Tunnel Drops tabDisplays the reason for a tunnel to be down. By default, the listing is sorted by Last Timestamp. The tab provides the following additional data about each drop event:
  • Hostname: Name of the Mellanox server.
  • Reason: Reason why the tunnel is down.
    • Overlay switch - source MAC is multicast: Overlay packet's source MAC address is multicast.
    • Overlay switch - source MAC equals destination MAC: Overlay packet's source MAC address is the same as the destination MAC address.
    • Decapsulation error: Decapsulation produced incorrect format of packet. For example, encapsulation of packet with many VLANs or IP options on the underlay can cause decapsulation to result in a short packet.
Buffer Drops tabDisplays the reason for the server buffer to be drop packets. By default, the listing is sorted by Last Timestamp. The tab provides the following additional data about each drop event:
  • Hostname: Name of the Mellanox server.
  • Reason: Reason why the buffer dropped packet.
    • Tail drop: Tail drop is enabled, and buffer queue is filled to maximum capacity.
    • WRED: Weighted Random Early Detection is enabled, and buffer queue is filled to maximum capacity or the RED engine dropped the packet as of random congestion prevention.
    • Port TC Congestion Threshold Crossed: Percentage of the occupancy buffer exceeded or dropped below the specified high or low threshold
    • Packet Latency Threshold Crossed: Time a packet spent within the switch exceeded or dropped below the specified high or low threshold
ACL Drops tabDisplays the reason for an ACL to drop packets. By default, the listing is sorted by Last Timestamp. The tab provides the following additional data about each drop event:
  • Hostname: Name of the Mellanox server.

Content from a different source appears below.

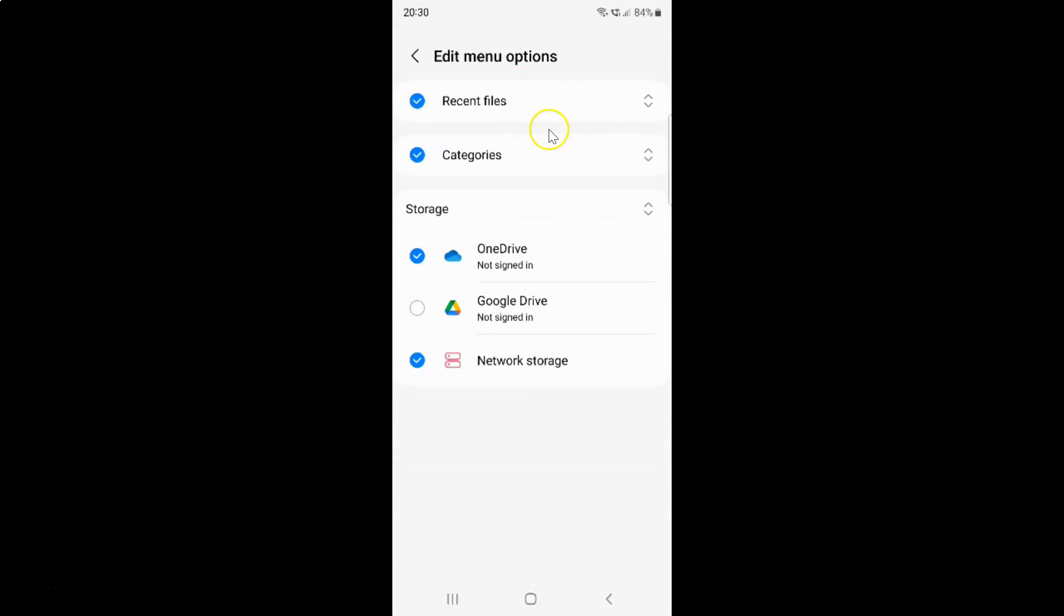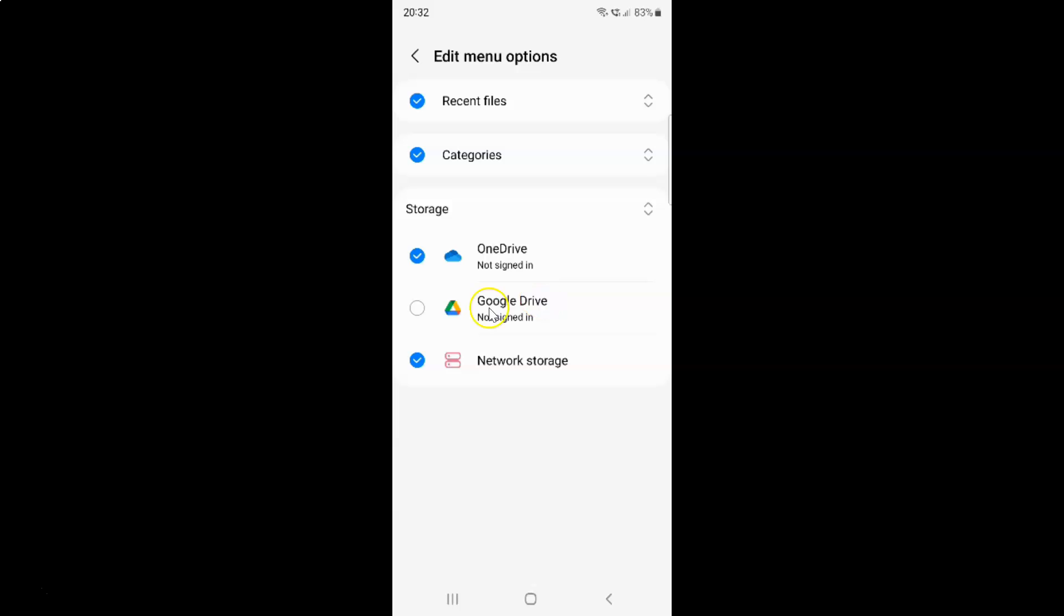The edit menu options screen opened. On this screen you can see we have the storage section. In this section we have Google Drive. Currently it's unchecked, that means it's disabled.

  • Reason: Reason why ACL dropped packets.
    • Ingress port ACL: ACL action set to deny on the physical ingress port or bond.
    • Ingress router ACL: ACL action set to deny on the ingress switch virtual interfaces (SVIs).
    • Egress port ACL: ACL action set to deny on the physical egress port or bond.
    • Egress router ACL: ACL action set to deny on the egress SVIs.
Table ActionsSelect, export, or filter the list. Refer to Table Settings.